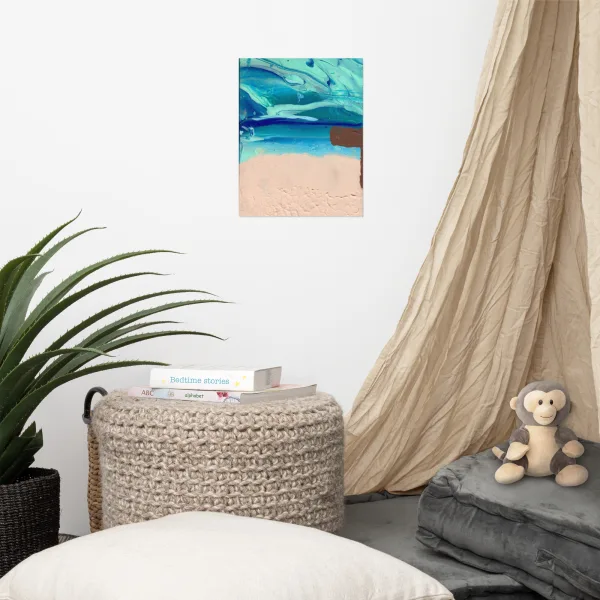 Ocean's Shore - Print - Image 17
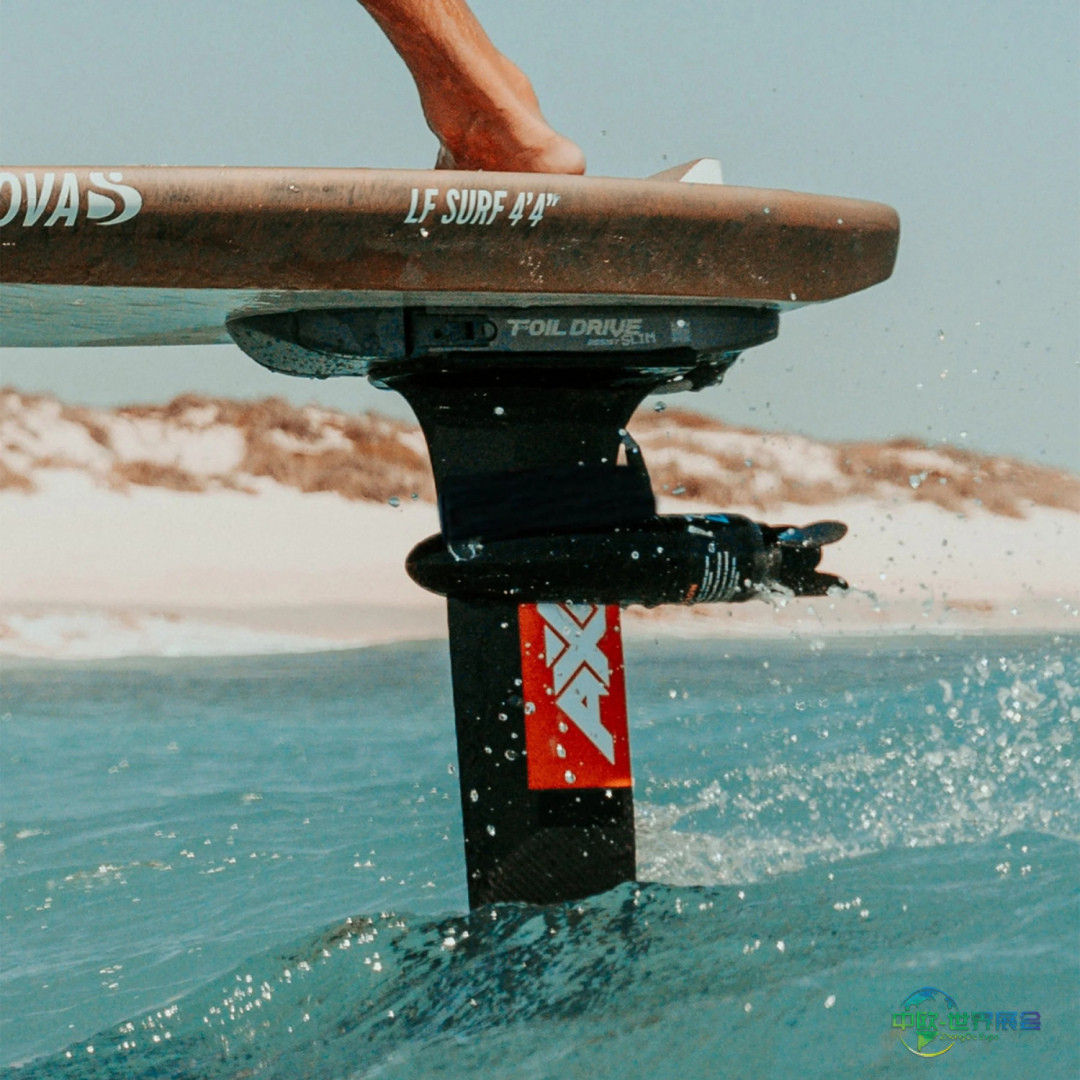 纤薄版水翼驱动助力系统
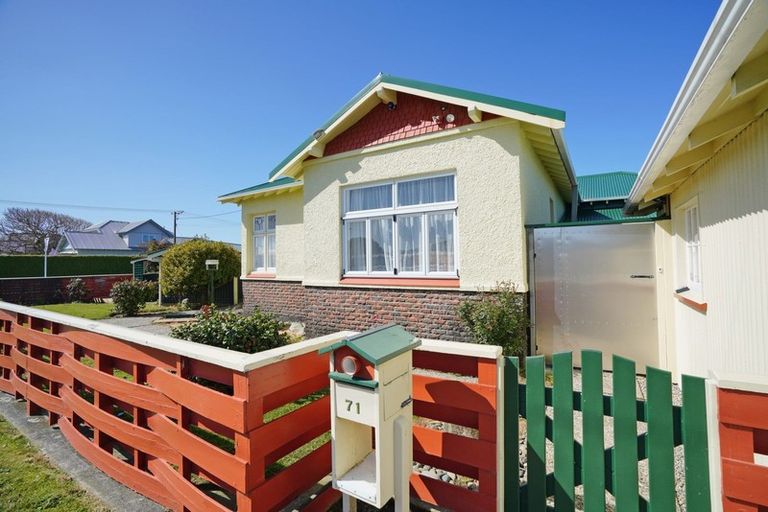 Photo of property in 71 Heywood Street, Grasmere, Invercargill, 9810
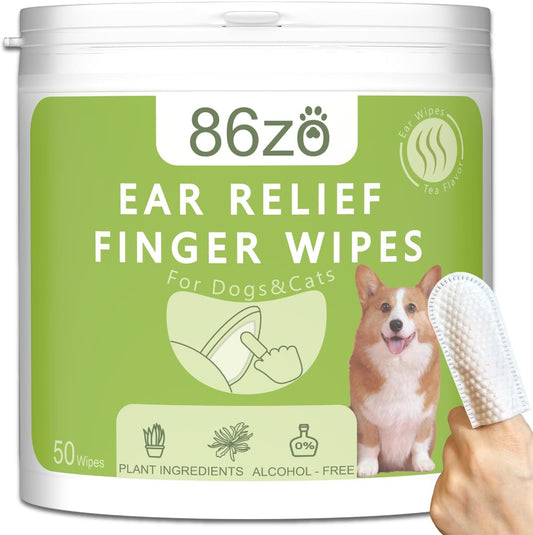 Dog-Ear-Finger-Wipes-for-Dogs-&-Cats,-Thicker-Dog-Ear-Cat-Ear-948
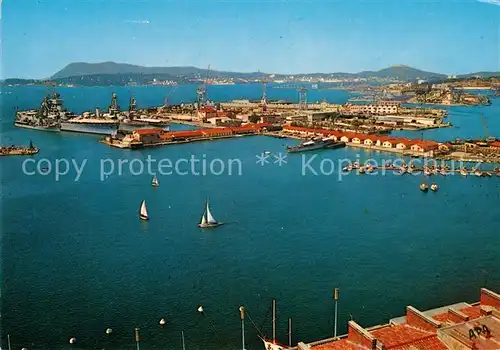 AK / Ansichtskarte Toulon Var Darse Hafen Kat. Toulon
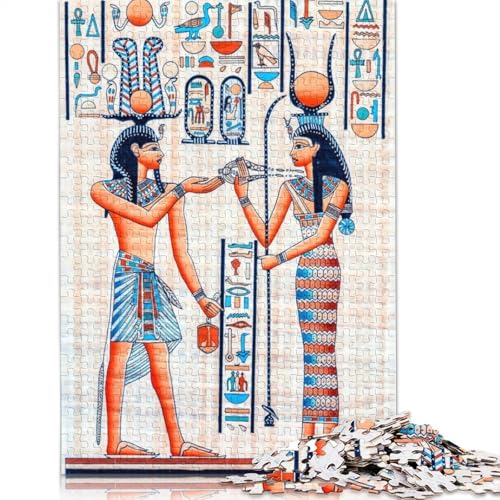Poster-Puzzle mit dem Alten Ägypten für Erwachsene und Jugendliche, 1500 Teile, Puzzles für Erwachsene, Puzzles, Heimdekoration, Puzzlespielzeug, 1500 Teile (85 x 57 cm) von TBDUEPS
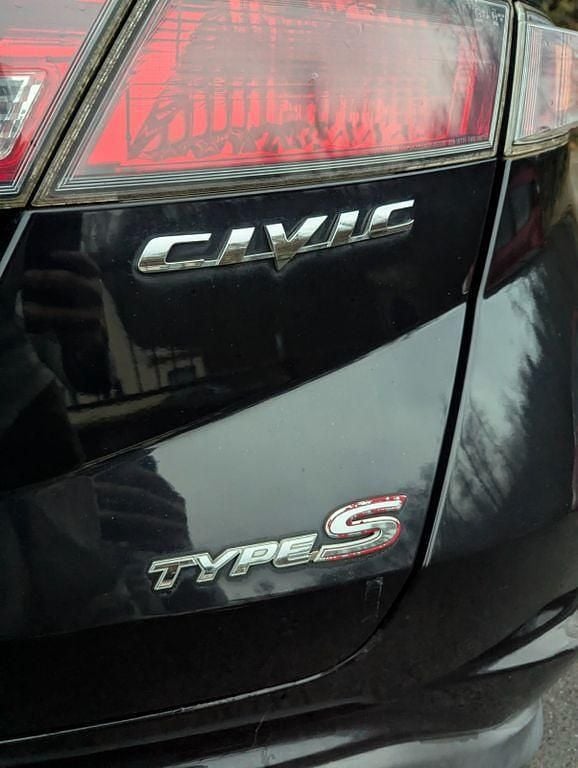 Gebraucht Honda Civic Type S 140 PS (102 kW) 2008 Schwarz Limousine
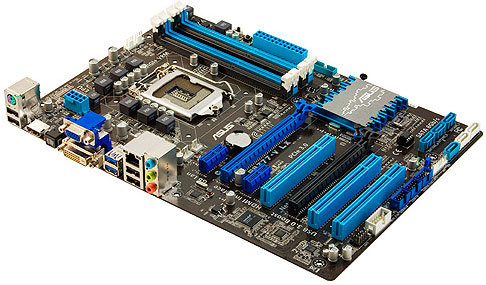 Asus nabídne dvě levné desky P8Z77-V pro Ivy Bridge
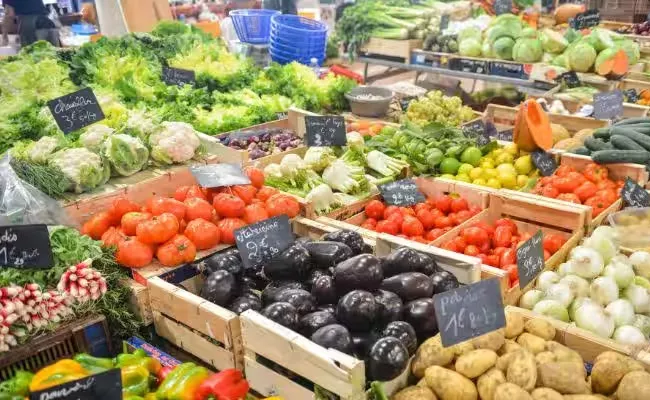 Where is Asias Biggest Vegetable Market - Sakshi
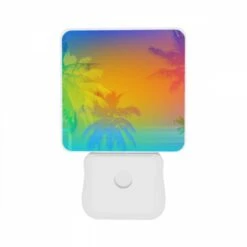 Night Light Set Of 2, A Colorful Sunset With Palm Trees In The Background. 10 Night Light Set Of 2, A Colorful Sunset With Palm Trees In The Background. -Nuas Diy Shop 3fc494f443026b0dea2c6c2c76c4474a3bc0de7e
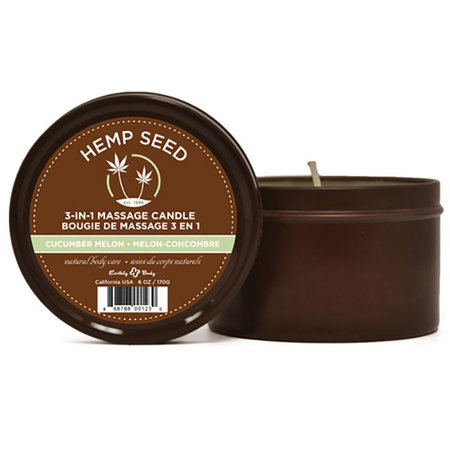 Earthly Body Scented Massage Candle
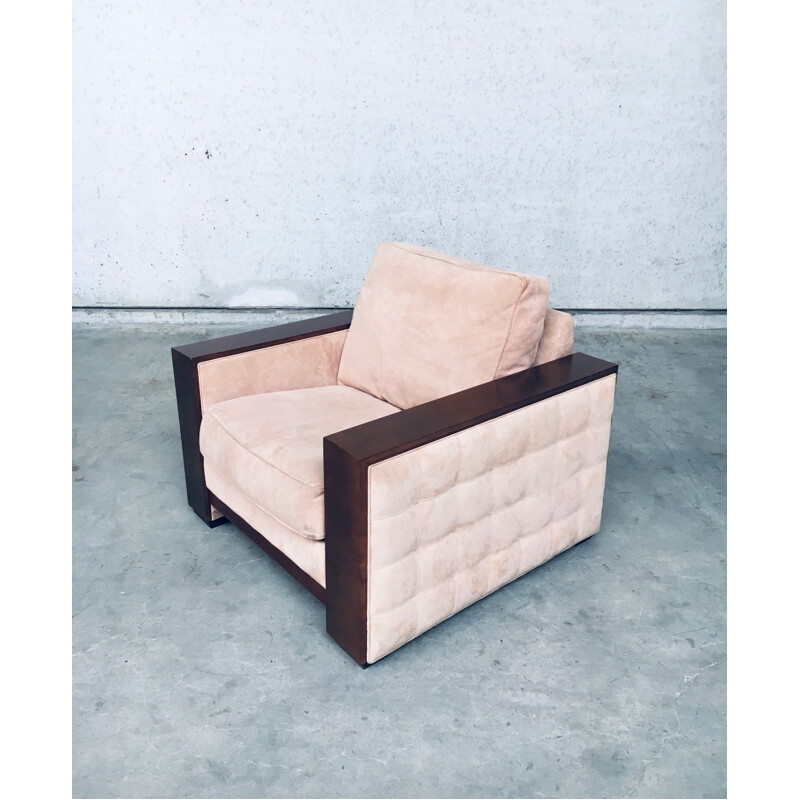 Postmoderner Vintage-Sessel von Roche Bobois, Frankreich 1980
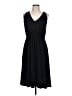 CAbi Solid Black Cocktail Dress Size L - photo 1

--*--

**Prompt**
Your task is an exact transcription of all the data, minus the pictures.

**Answer to the exercise**
 Ocean's Shore - Print - Image 17
 纤薄版水翼驱动助力系统
 Photo of property in 71 Heywood Street, Grasmere, Invercargill, 9810
 Dog-Ear-Finger-Wipes-for-Dogs-&-Cats,-Thicker-Dog-Ear-Cat-Ear-948
 AK / Ansichtskarte Toulon Var Darse Hafen Kat. Toulon
Poster-Puzzle mit dem Alten Ägypten für Erwachsene und Jugendliche, 1500 Teile, Puzzles für Erwachsene, Puzzles, Heimdekoration, Puzzlespielzeug, 1500 Teile (85 x 57 cm) von TBDUEPS
 Gebraucht Honda Civic Type S 140 PS (102 kW) 2008 Schwarz Limousine
 Asus nabídne dvě levné desky P8Z77-V pro Ivy Bridge
 Where is Asias Biggest Vegetable Market - Sakshi
 Night Light Set Of 2, A Colorful Sunset With Palm Trees In The Background. 10 Night Light Set Of 2, A Colorful Sunset With Palm Trees In The Background. -Nuas Diy Shop 3fc494f443026b0dea2c6c2c76c4474a3bc0de7e
 Earthly Body Scented Massage Candle
 Postmoderner Vintage-Sessel von Roche Bobois, Frankreich 1980
 CAbi Solid Black Cocktail Dress Size L - photo 1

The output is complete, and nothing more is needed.